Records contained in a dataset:
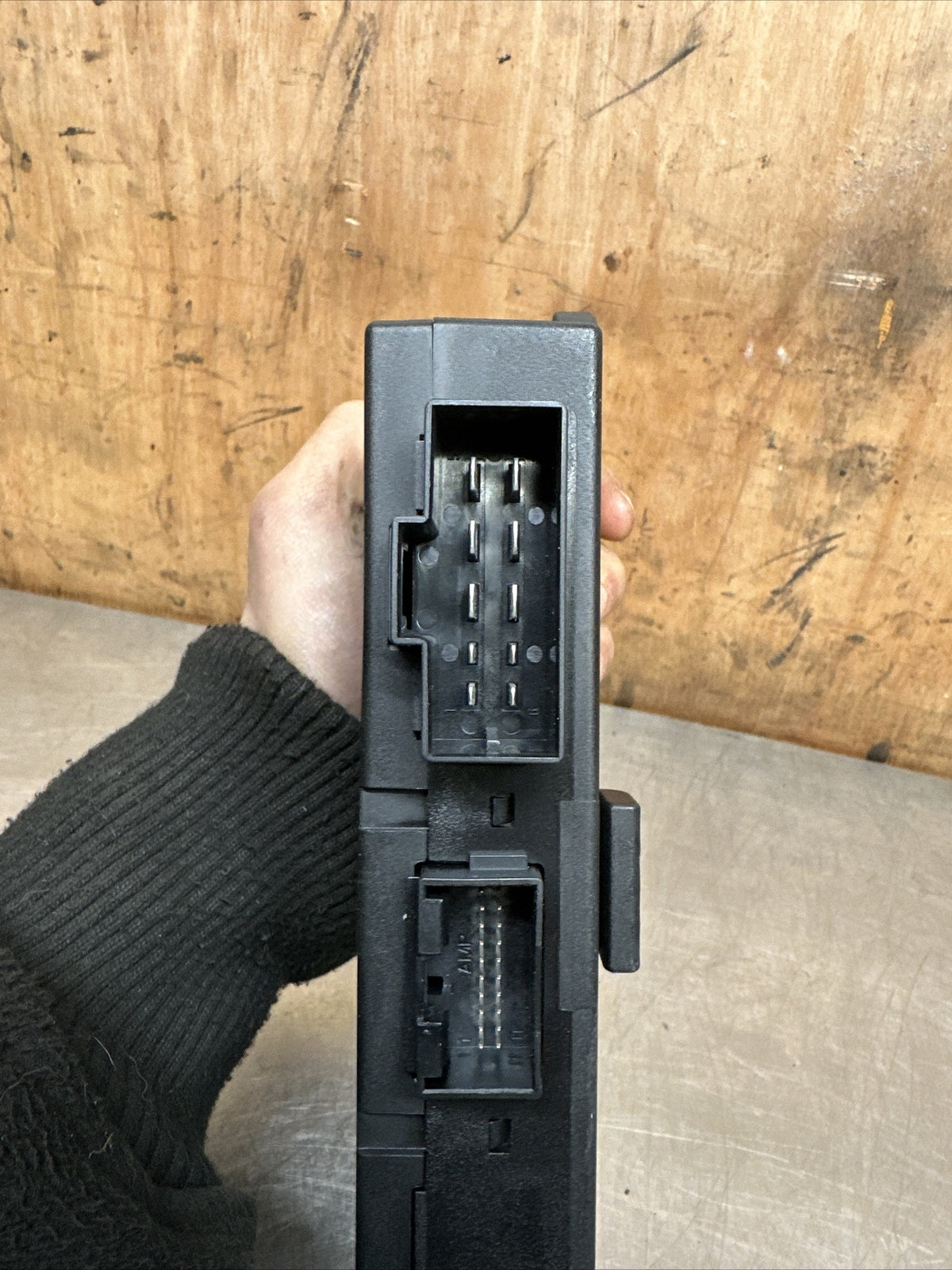 06-14 AUDI TTS MK2 ROADSTER CONVERTIBLE ROOF CONTROL UNIT MODULE 8J7959255B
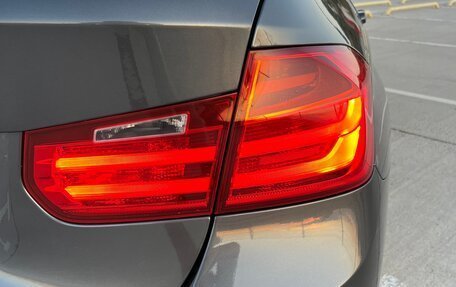BMW 3 серия, 2014 год, 1 340 000 рублей, 20 фотография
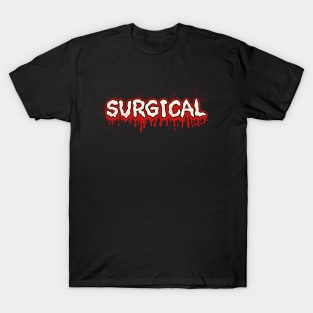 Surgical T-Shirt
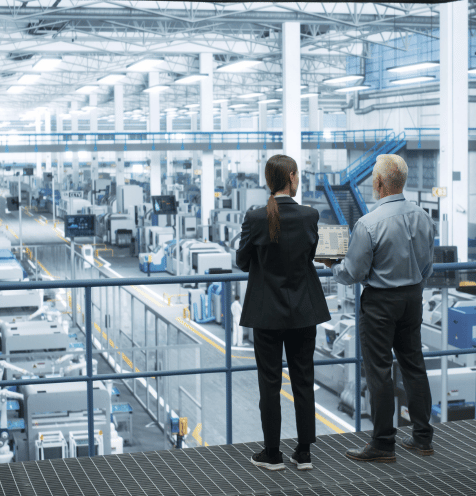 Facility<br> Management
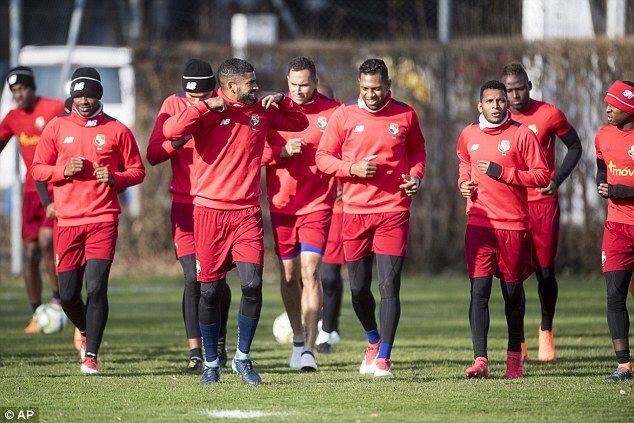 Mengenal Panama, Debutan Teranyar Piala Dunia
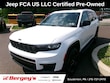  Jeep Grand Cherokee L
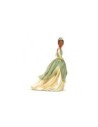 Figura enesco disney tiana y el sapo tiana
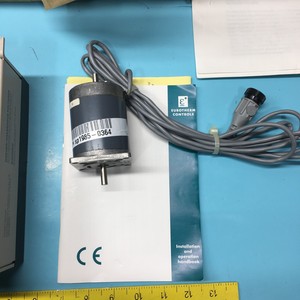 SOLUCIONES DE AUTOMATIZACIÓN 92011400003 COMPUMOTOR - Equipo y Piezas de Semiconductores de Confianza de Marca Global - Product Image 5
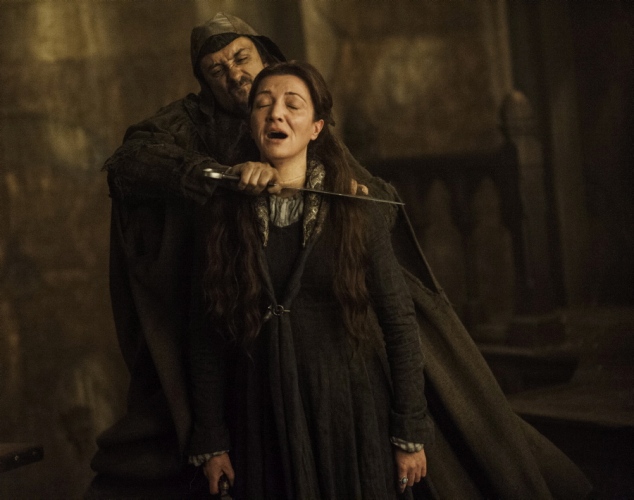 «Игра престолов». Вымысел и реальность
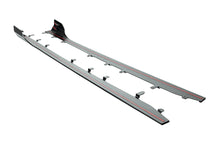 Load image into Gallery viewer, TRE Pre-Preg Carbon Fibre TR87 Side Skirts - BMW G87 M2
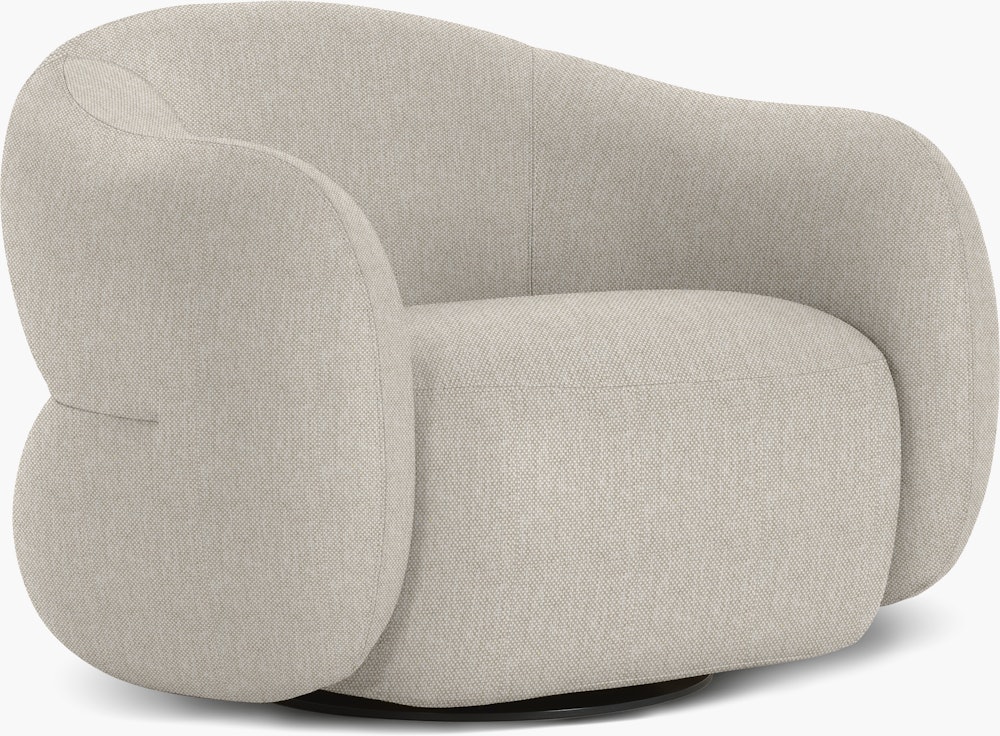 Soffi Swivel Chair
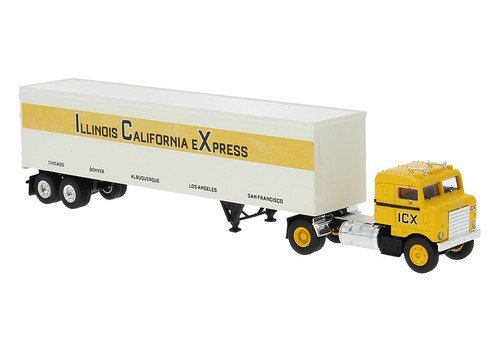 Brekina 85958 kenworth - brekina,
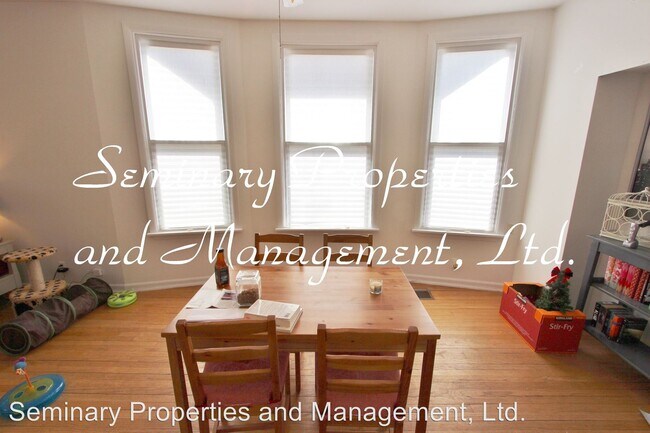 Foto del edificio - 3352 N Seminary Ave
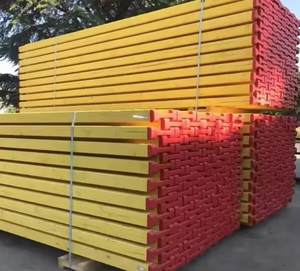 Vente directe d'usine en Chine, coffrage mural en acier RUIHE H20-7, dalle de toiture haute résistance, garantie 5 ans - Product Image 2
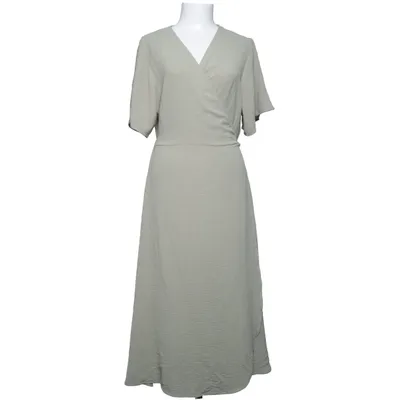 Wikkeljurk (Groen) van Zeeman Polyester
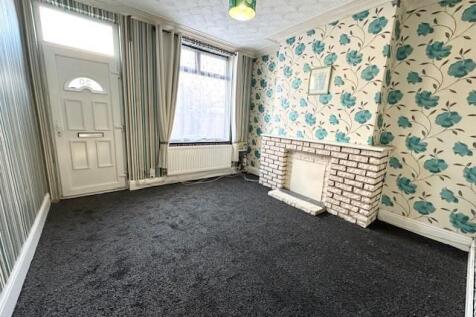 Front Reception Room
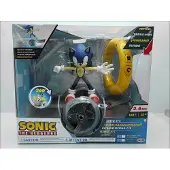 Sonic Konståkning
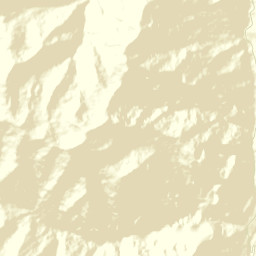Chegem Street Map
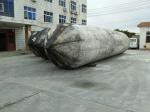 1.5X16 6 Layers Ship Launching Airbag For Launching The Ship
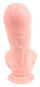 Medical Silicone Dildo 24 cm 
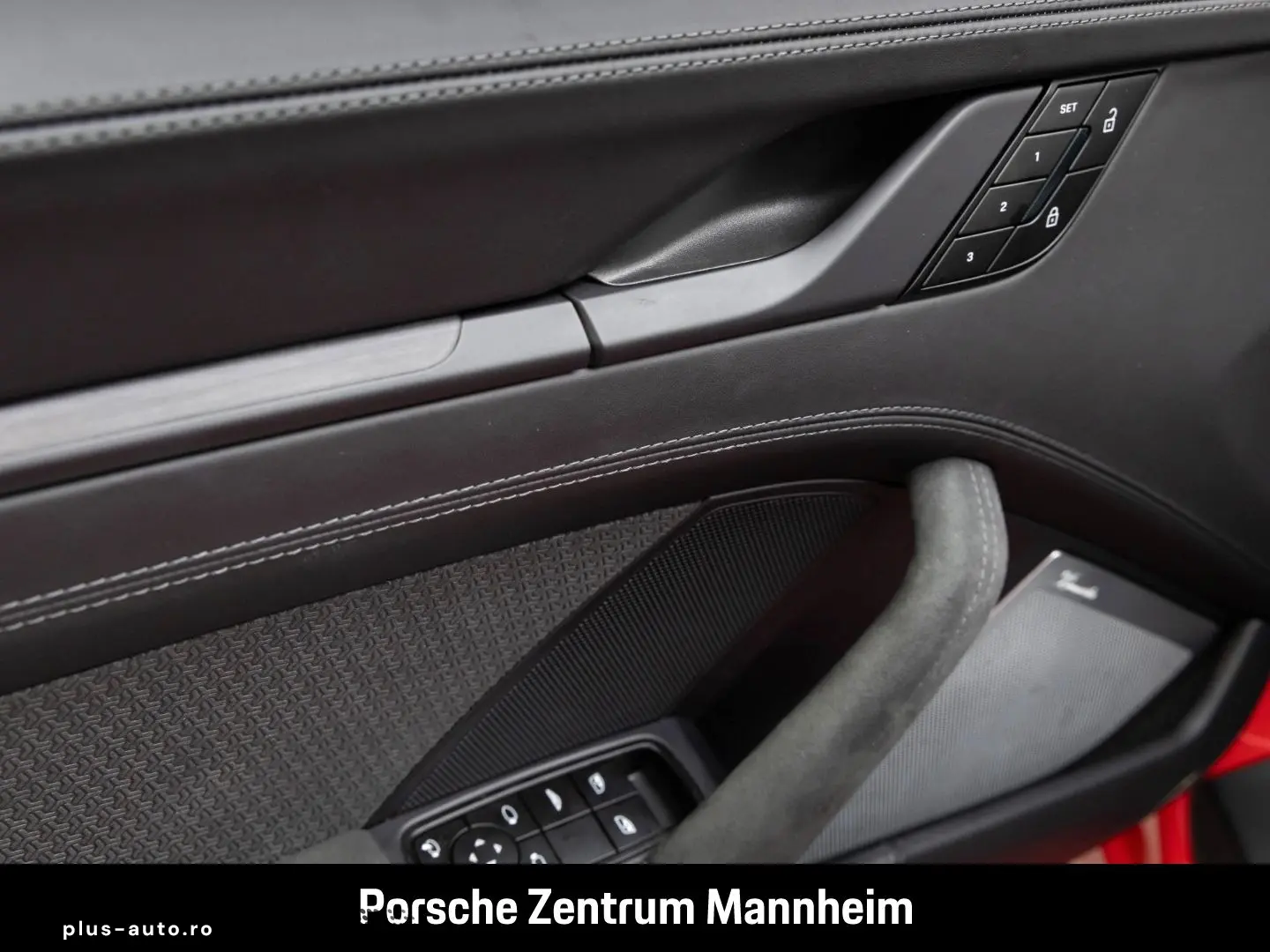 PORSCHE 911 2024 — imagine 23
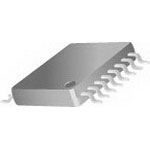 1-of-8 Demultiplexer/Decoder, 3-3.6V, CMOS, TSSOP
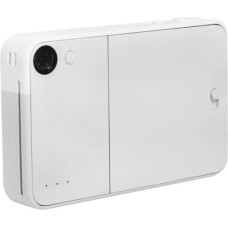 Kodak Printomatic Digital Instant Print Camera 5 Mpx, Gray EU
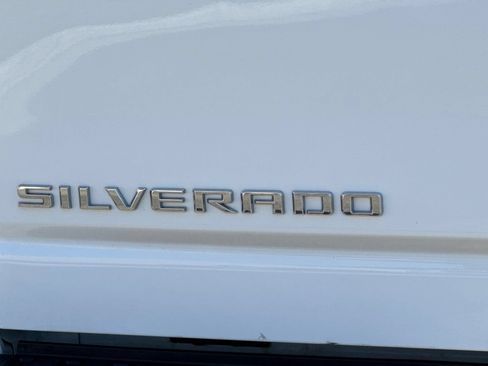 Certified 2025 Chevrolet Silverado 2500 LT w/ Convenience Package AWD/4WD image 27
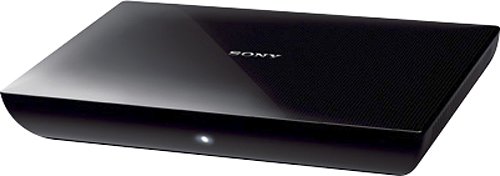  Sony - Internet Player with Google TV - Black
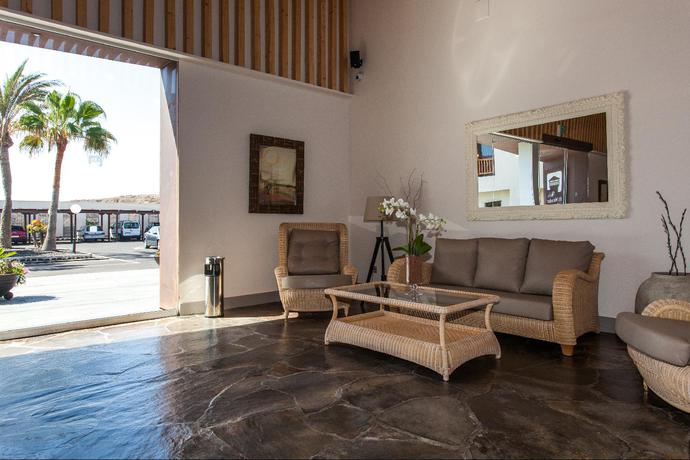 Imagen general del Hotel El Mirador De Fuerteventura. Foto 7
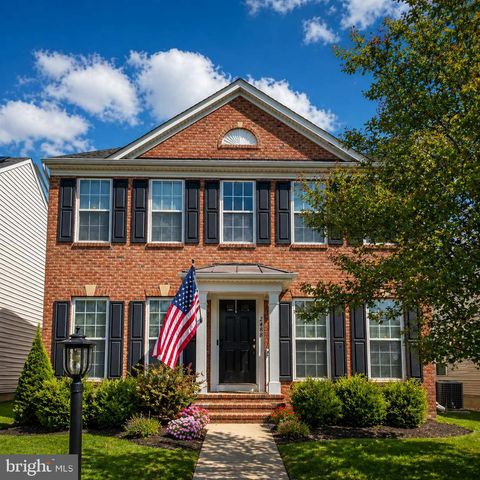 Photo of 2488 Port Potomac Avenue, WOODBRIDGE, VA 22191 (MLS # VAPW2117208)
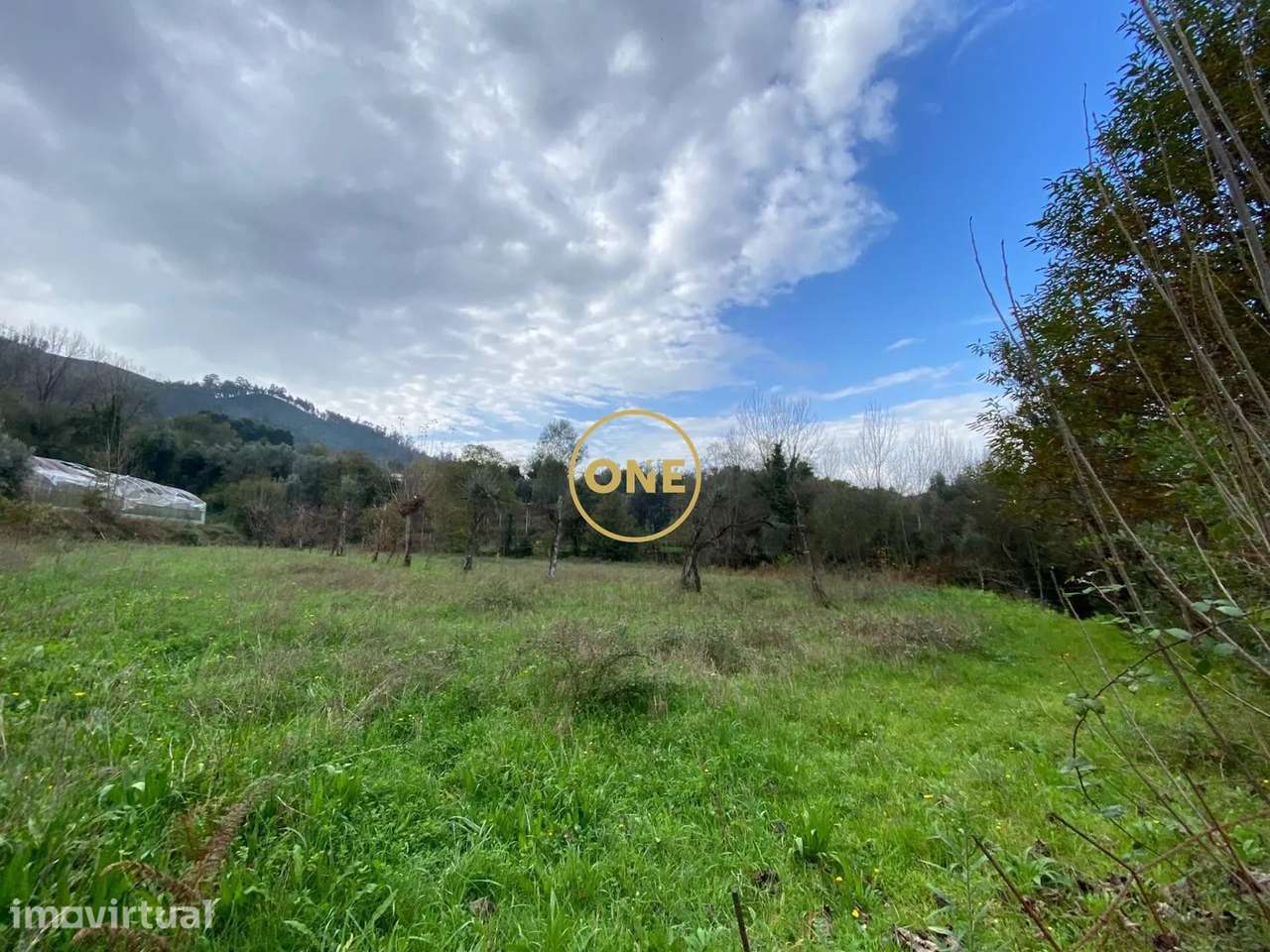 Vendo terreno Rustico 2.700m2 - Grande imagem: 3/4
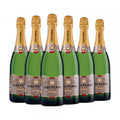 Casa Perini Brut Sparkling Wine Pack 6 750ml - BuyBrazil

• _About this task_
Output exactly the lines above, beginning at the one with "Load image into" and stopping after the one with "Wikkeljurk (Groen) van Zeeman Polyester". Pictures are to be omitted.

• _Exercise response_
 Load image into Gallery viewer, TRE Pre-Preg Carbon Fibre TR87 Side Skirts - BMW G87 M2
 Soffi Swivel Chair
 Brekina 85958 kenworth - brekina,
 Foto del edificio - 3352 N Seminary Ave
 Vente directe d'usine en Chine, coffrage mural en acier RUIHE H20-7, dalle de toiture haute résistance, garantie 5 ans - Product Image 2
 Wikkeljurk (Groen) van Zeeman Polyester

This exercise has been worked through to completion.